==== AVAILABLE RECORDS ====

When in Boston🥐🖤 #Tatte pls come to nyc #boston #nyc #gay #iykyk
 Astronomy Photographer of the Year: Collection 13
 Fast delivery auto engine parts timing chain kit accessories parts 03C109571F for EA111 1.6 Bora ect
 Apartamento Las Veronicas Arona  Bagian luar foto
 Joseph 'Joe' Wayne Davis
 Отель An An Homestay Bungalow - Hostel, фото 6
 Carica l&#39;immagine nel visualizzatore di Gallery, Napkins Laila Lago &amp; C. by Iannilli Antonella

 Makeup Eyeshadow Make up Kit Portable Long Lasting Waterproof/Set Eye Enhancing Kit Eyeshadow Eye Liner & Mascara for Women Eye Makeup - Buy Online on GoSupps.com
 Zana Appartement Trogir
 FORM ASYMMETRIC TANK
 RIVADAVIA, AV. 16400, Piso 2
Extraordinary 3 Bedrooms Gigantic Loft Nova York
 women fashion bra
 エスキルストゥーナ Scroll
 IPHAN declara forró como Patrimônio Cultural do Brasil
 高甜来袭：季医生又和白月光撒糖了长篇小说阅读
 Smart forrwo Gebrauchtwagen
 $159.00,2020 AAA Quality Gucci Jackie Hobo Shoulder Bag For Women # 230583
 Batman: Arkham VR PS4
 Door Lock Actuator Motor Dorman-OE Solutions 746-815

====

Nothing may be left out: return each entry exactly as it reads.

When in Boston🥐🖤 #Tatte pls come to nyc #boston #nyc #gay #iykyk
 Astronomy Photographer of the Year: Collection 13
 Fast delivery auto engine parts timing chain kit accessories parts 03C109571F for EA111 1.6 Bora ect
 Apartamento Las Veronicas Arona  Bagian luar foto
 Joseph 'Joe' Wayne Davis
 Отель An An Homestay Bungalow - Hostel, фото 6
 Carica l&#39;immagine nel visualizzatore di Gallery, Napkins Laila Lago &amp; C. by Iannilli Antonella

 Makeup Eyeshadow Make up Kit Portable Long Lasting Waterproof/Set Eye Enhancing Kit Eyeshadow Eye Liner & Mascara for Women Eye Makeup - Buy Online on GoSupps.com
 Zana Appartement Trogir
 FORM ASYMMETRIC TANK
 RIVADAVIA, AV. 16400, Piso 2
Extraordinary 3 Bedrooms Gigantic Loft Nova York
 women fashion bra
 エスキルストゥーナ Scroll
 IPHAN declara forró como Patrimônio Cultural do Brasil
 高甜来袭：季医生又和白月光撒糖了长篇小说阅读
 Smart forrwo Gebrauchtwagen
 $159.00,2020 AAA Quality Gucci Jackie Hobo Shoulder Bag For Women # 230583
 Batman: Arkham VR PS4
 Door Lock Actuator Motor Dorman-OE Solutions 746-815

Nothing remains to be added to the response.